Written by New Yorker magazine movie critic Gilliatt, the plot presents Finch as a middle-aged bachelor doctor in London who shares his answering service with Jackson, a divorced woman who works at an employment agency. Both of them know Windsor and Pickles, a happy couple in the area, and both of

them sleep with Head, a younger designer of modern sculpture. Both Jackson and Finch are aware of each other because Head is an honest sort, almost to the point of naivete. Windsor and Pickles have five children and need some time away from home, so Jackson and Head offer to stay at their home and

tend the quintet while the parents go off to attend an educational seminar. On Saturday morning Head excuses himself from Jackson and only says he's "going out." She knows that he's on his way to see Finch, and the thought of it knocks her off her strict diet and into an orgy of fudge consumption.

At Finch's the two men discuss an upcoming vacation to Italy, then Head returns to an annoyed Jackson, who resents having to share her lover with a man.

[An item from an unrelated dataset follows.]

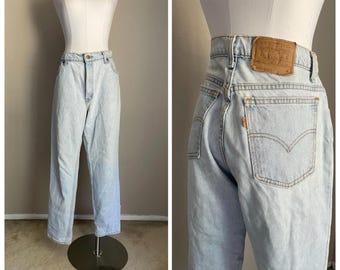 Vintage 90s Levi's 951 Jeans: Light Wash Baggy Fit, USA Made, 30x30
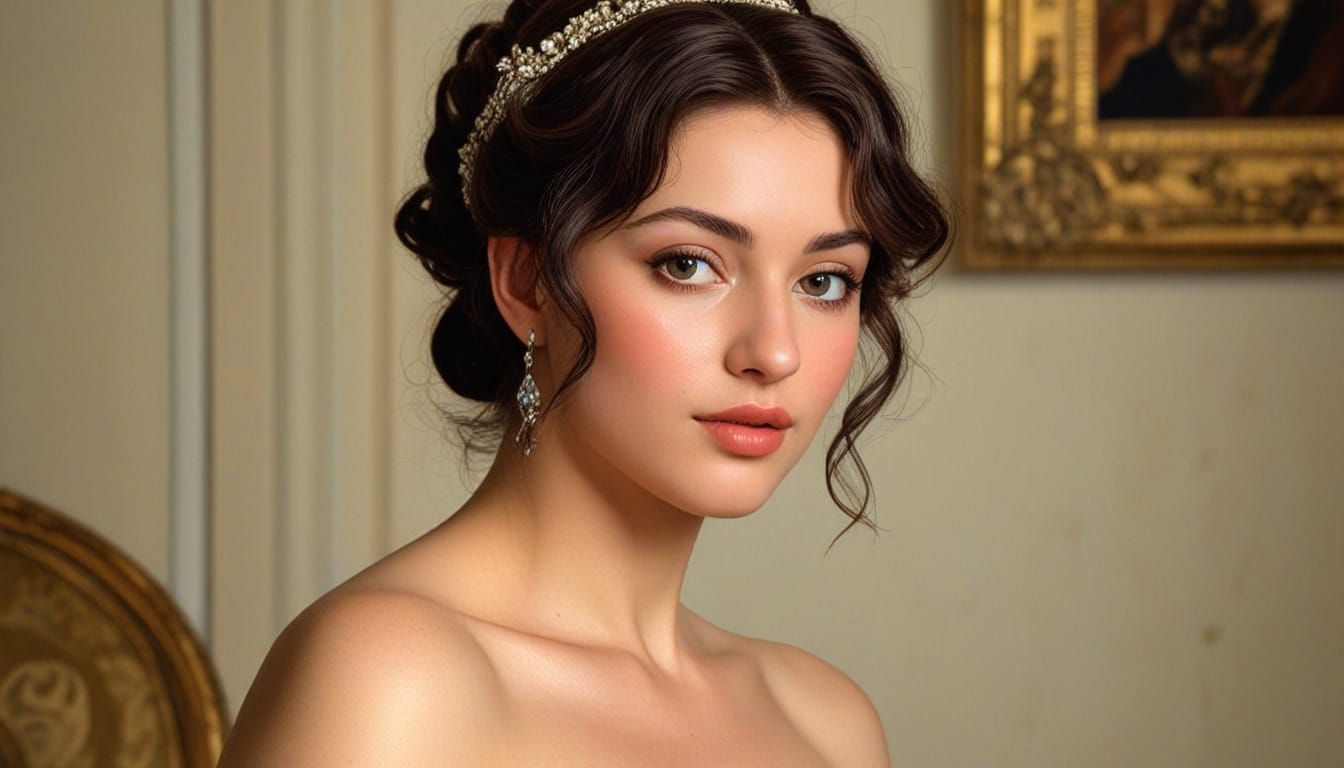 Elegant Edwardian Gentleman in a Luxurious Manor Hall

The characters are terribly civilized about the whole thing--too civilized, in fact, with only Jackson betraying any real emotion. The major problem with this film is that it is not easy to see what an intelligent man like Finch and an equally intelligent woman like Jackson see in Head--his

character is not realized nearly so well as those of the other two. Schlesinger said that he conceived the idea of the film on the basis of some people he knew, then hired Gilliatt. She, on the other hand, claims total responsibility for the idea because she'd written a novel with a similar plot.

Perhaps their differences explain the movie's unresolved undercurrent.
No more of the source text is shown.